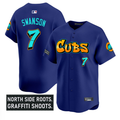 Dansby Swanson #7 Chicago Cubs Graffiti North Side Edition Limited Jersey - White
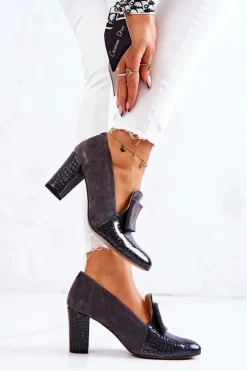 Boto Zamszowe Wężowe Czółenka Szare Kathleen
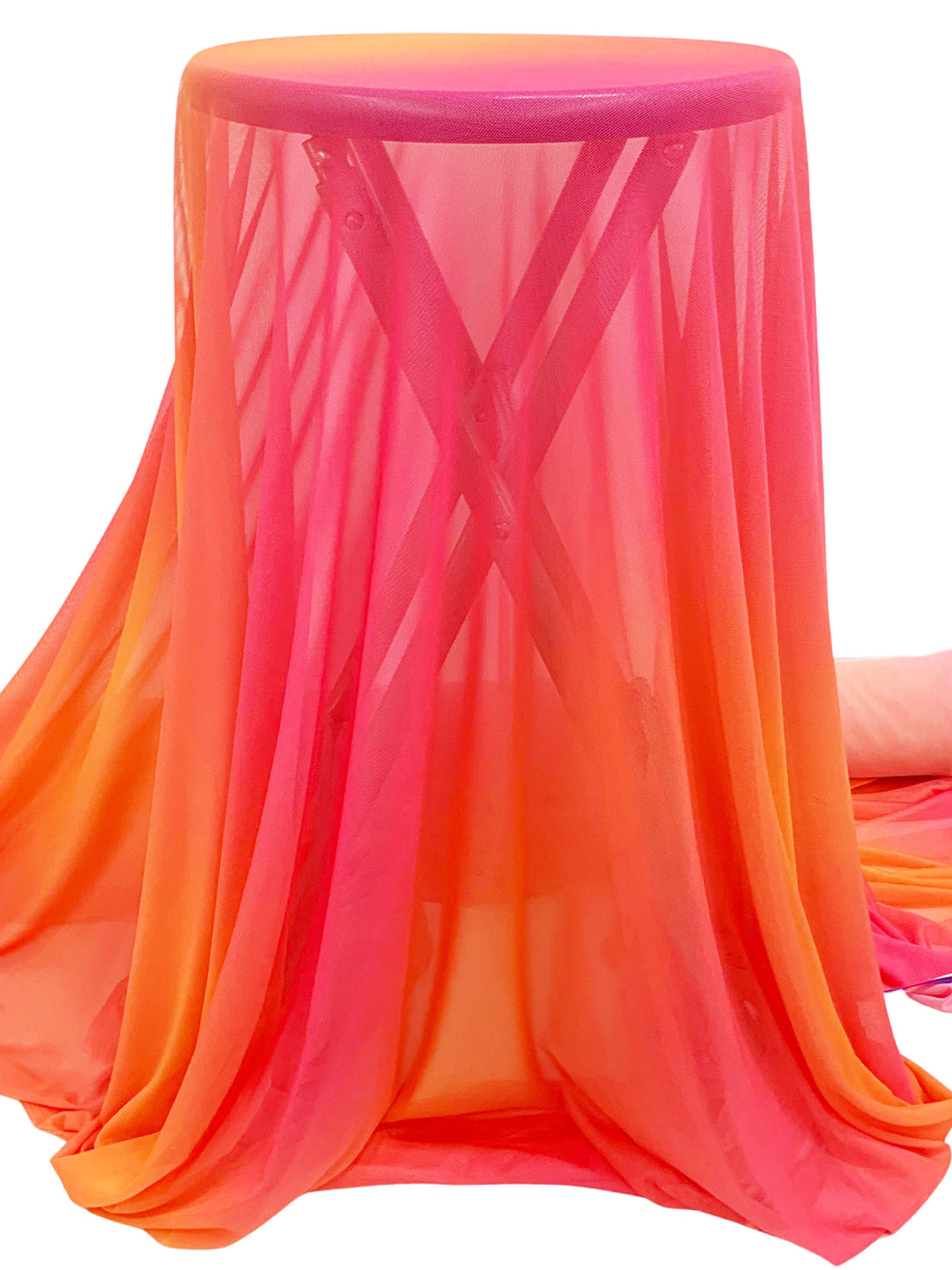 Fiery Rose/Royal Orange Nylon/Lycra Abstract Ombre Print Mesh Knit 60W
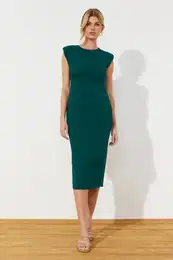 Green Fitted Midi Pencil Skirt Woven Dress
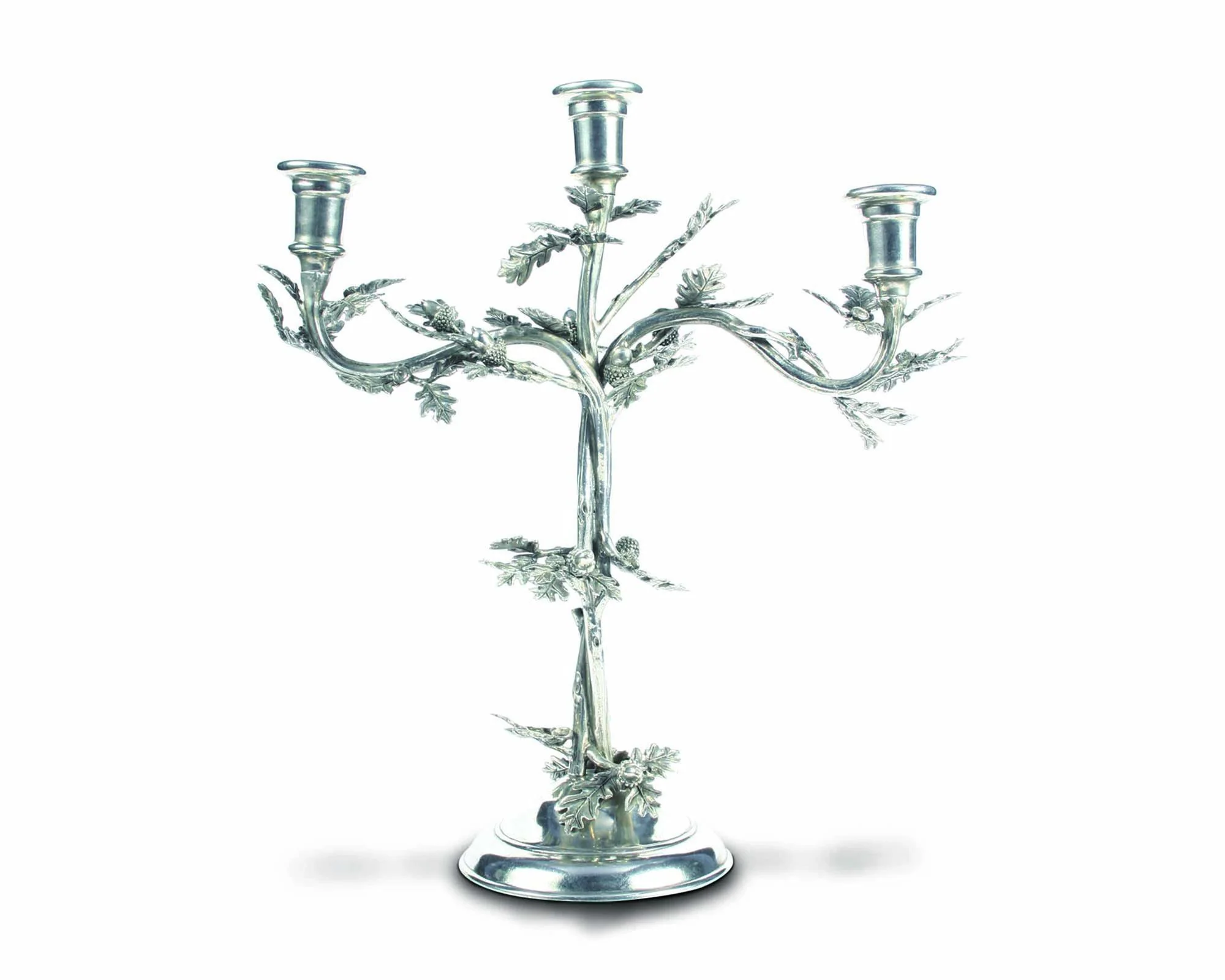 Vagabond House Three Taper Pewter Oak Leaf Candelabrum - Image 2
* * * * *
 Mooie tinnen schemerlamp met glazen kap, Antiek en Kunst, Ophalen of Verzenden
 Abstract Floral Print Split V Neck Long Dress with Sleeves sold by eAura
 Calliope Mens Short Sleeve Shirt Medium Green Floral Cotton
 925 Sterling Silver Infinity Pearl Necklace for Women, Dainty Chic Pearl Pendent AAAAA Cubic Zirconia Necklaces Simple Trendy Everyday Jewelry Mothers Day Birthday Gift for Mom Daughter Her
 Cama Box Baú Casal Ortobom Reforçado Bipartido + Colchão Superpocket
* * * * *
■ Task prompt: Set down again, word for word, every line from the one with "Dansby Swanson #7" to the one with "Vagabond House Three" in the entries above, and omit the pictures.

■ Response area:
 Dansby Swanson #7 Chicago Cubs Graffiti North Side Edition Limited Jersey - White
 Boto Zamszowe Wężowe Czółenka Szare Kathleen
 Fiery Rose/Royal Orange Nylon/Lycra Abstract Ombre Print Mesh Knit 60W
 Green Fitted Midi Pencil Skirt Woven Dress
 Vagabond House Three Taper Pewter Oak Leaf Candelabrum - Image 2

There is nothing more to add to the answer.